Soaring absenteeism is the biggest issue now in education, says Elaine Allensworth, director of the UChicago Consortium on School Research. “Student attendance is an incredibly strong predictor of pretty much every outcome you care about: High school graduation, college ready, college enrollment, college graduation. It’s vital that students actually come to school every day.”
Chronic absenteeism -- missing 10 percent or more of school days -- remained very high at 28 percent in 2022-23, well above the pre-pandemic level of 16 percent, according to an early look at data from 11 states, reports Linda Jacobson in The 74.
Grose worries that lenient grading policies, such as a minimum grade of 50 percent, even for those who make no effort, teaches students they don't need to show up and do the work to pass their classes.

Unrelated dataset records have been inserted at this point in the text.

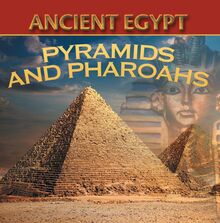 Ancient Egypt: Pyramids and Pharaohs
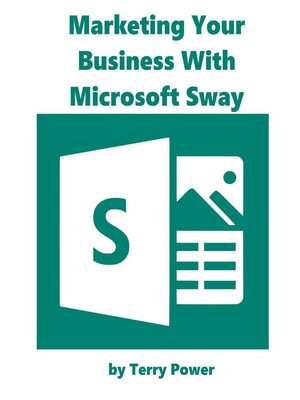 cover image of Marketing Your Business With Microsoft Sway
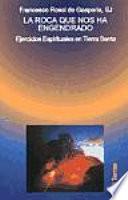 La Roca Que Nos Ha Engendrado (dt 32,18)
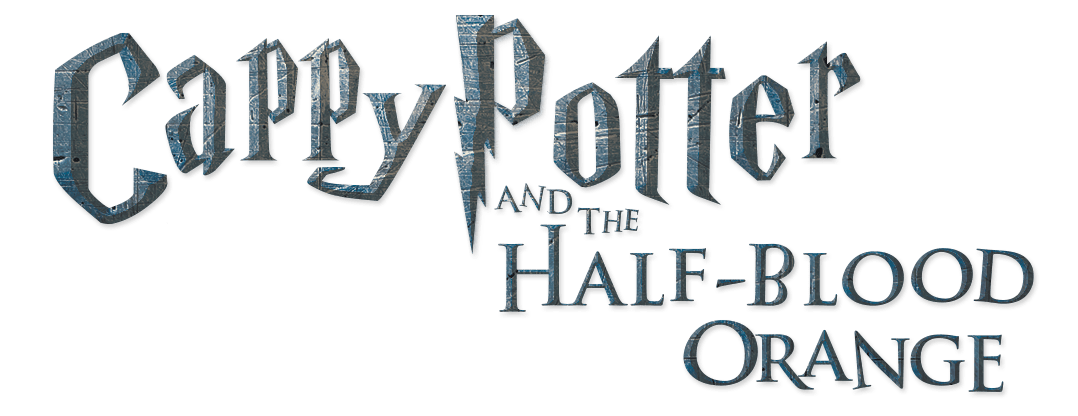 Cappy Potter & The Half Blood Orange
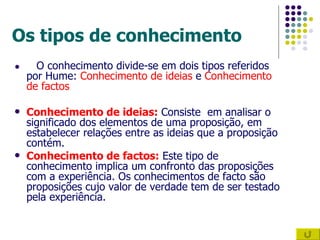 Os tipos de conhecimento ●   O conhecimento divide-se em dois tipos referidos por Hume:  Conhecimento de ideias  e  Conhecimento de factos Conhecimento de ideias:  Consiste  em analisar o significado dos elementos de uma proposição, em estabelecer relações entre as ideias que a proposição contém. Conhecimento de factos:  Este tipo de conhecimento implica um confronto das proposições com a experiência. Os conhecimentos de facto são proposições cujo valor de verdade tem de ser testado pela experiência. 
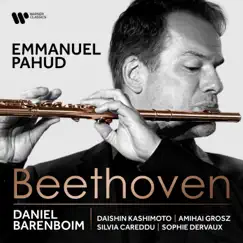 Beethoven: Works for Flute by Emmanuel Pahud album reviews, ratings, credits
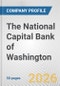 The National Capital Bank of Washington Fundamental Company Report Including Financial, SWOT, Competitors and Industry Analysis - Product Thumbnail Image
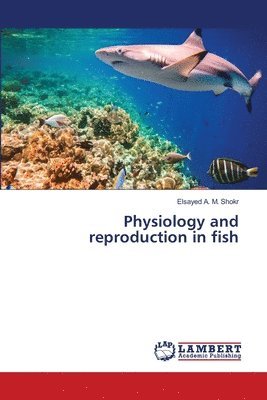 Physiology and reproduction in fish 1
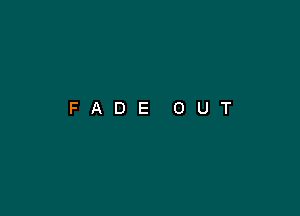 FADE OUT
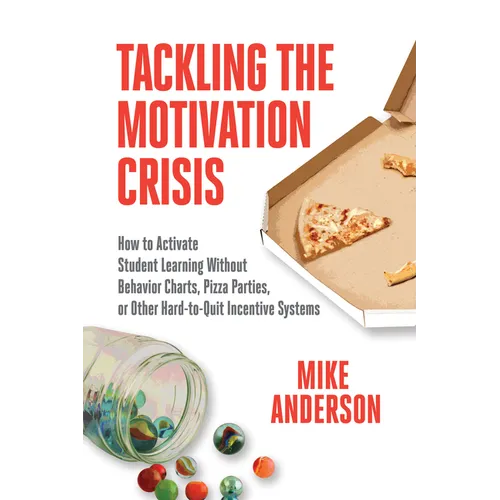 Tackling the Motivation Crisis: How to Activate Student Learning Without Behavior Charts, Pizza Parties, or Other Hard-To-Quit Incentive Systems - Paperback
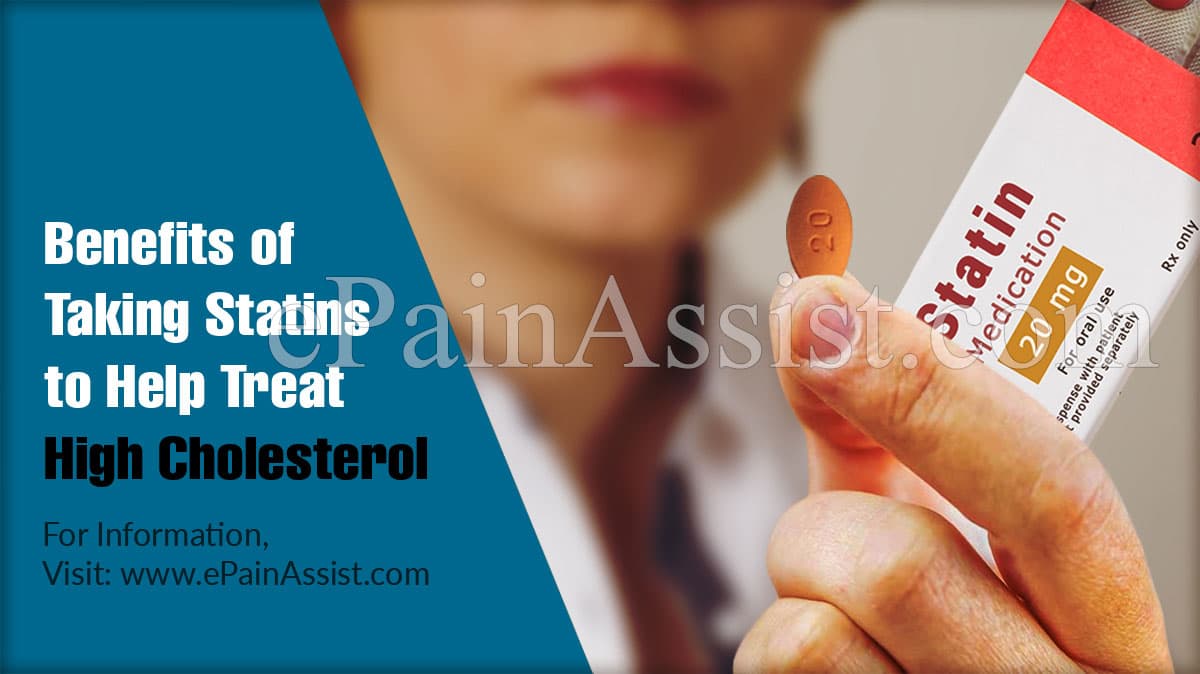 Benefits of Taking Statins to Help Treat High Cholesterol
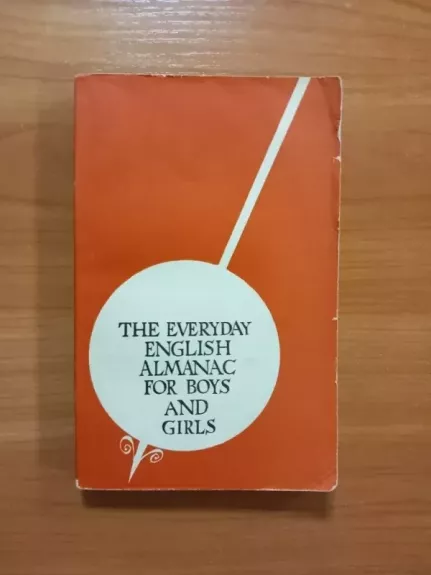The Everyday English Almanac for Boys and Girls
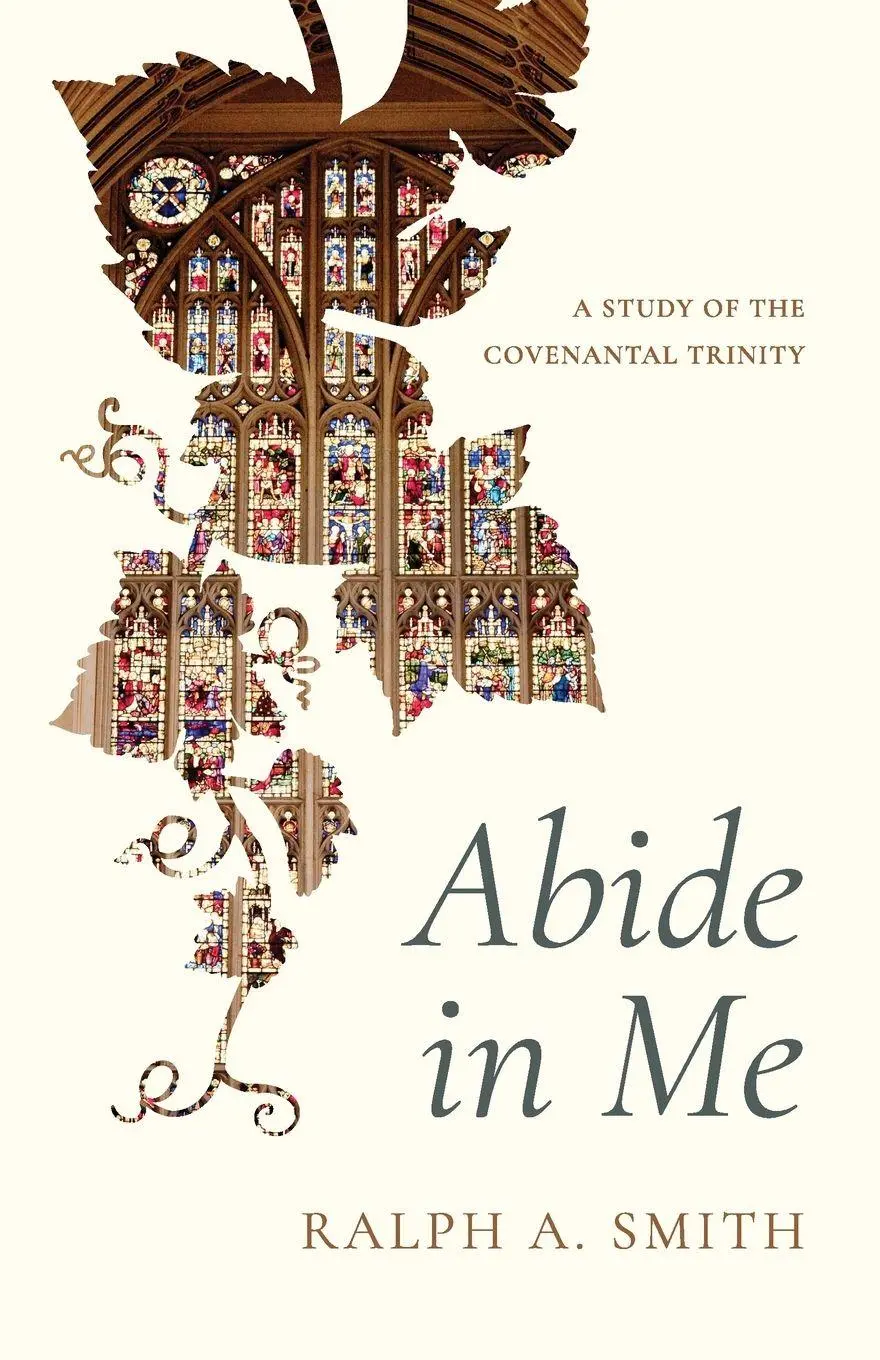 Cover: 9781957726212 | Abide in Me | A Study of the Covenantal Trinity | Ralph Allan Smith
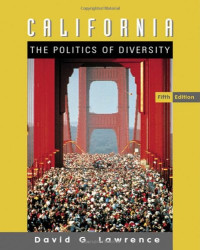 David G. Lawrence — California: The Politics of Diversity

Another type of academic leniency backfired in North Carolina, she writes. The state moved to a 10-point grading scale in 2015-16: "If a school had a seven-point scale under the old system, an A meant a score of 93-100, while under the new scale, an A was 90-100. The floor for failure went to 60 from 69."
Researchers found the change lifted grades, but not achievement, for the best students, Grose reports. Lower-performing students earned the same grades, but missed school more often. They fell even farther behind, widening achievement gaps.
San Diego Unified's Horton Elementary is working hard to get students to school, reports Jakob McWhinney for Voice of San Diego. Chronic absenteeism was 22 percent before schools closed down, and soared to 67 percent in 2021-22.
Nearly all the school's students are disadvantaged and 40 percent are classified as homeless.
The go-to-school campaign starts with a welcome-back night, attendance awards and the chance for the class with the best attendance to slime the school counselor. There are science nights and movie nights to get parents on campus.
Principal Danielle Garegnani's attendance team also write "nudge letters" informing parents of "how much school their child has missed, how it compares with other kids and the ramifications of absences on learning," McWhinney writes. "The team decided that not only would teachers send letters to students they had relationships with, but that students should also write notes to absent classmates to let them know they were missed."
For students with the worst attendance, interventions are "personalized and targeted and include consultations with the school’s nurse or counselor and parent conferences," he writes. Often the principal or a staffer make home visits.
One girl was afraid to walk to school through a dangerous neighborhood when an adult wasn't available as an escort. Now, if no family member is available, "the student will call a staff member to pick them up."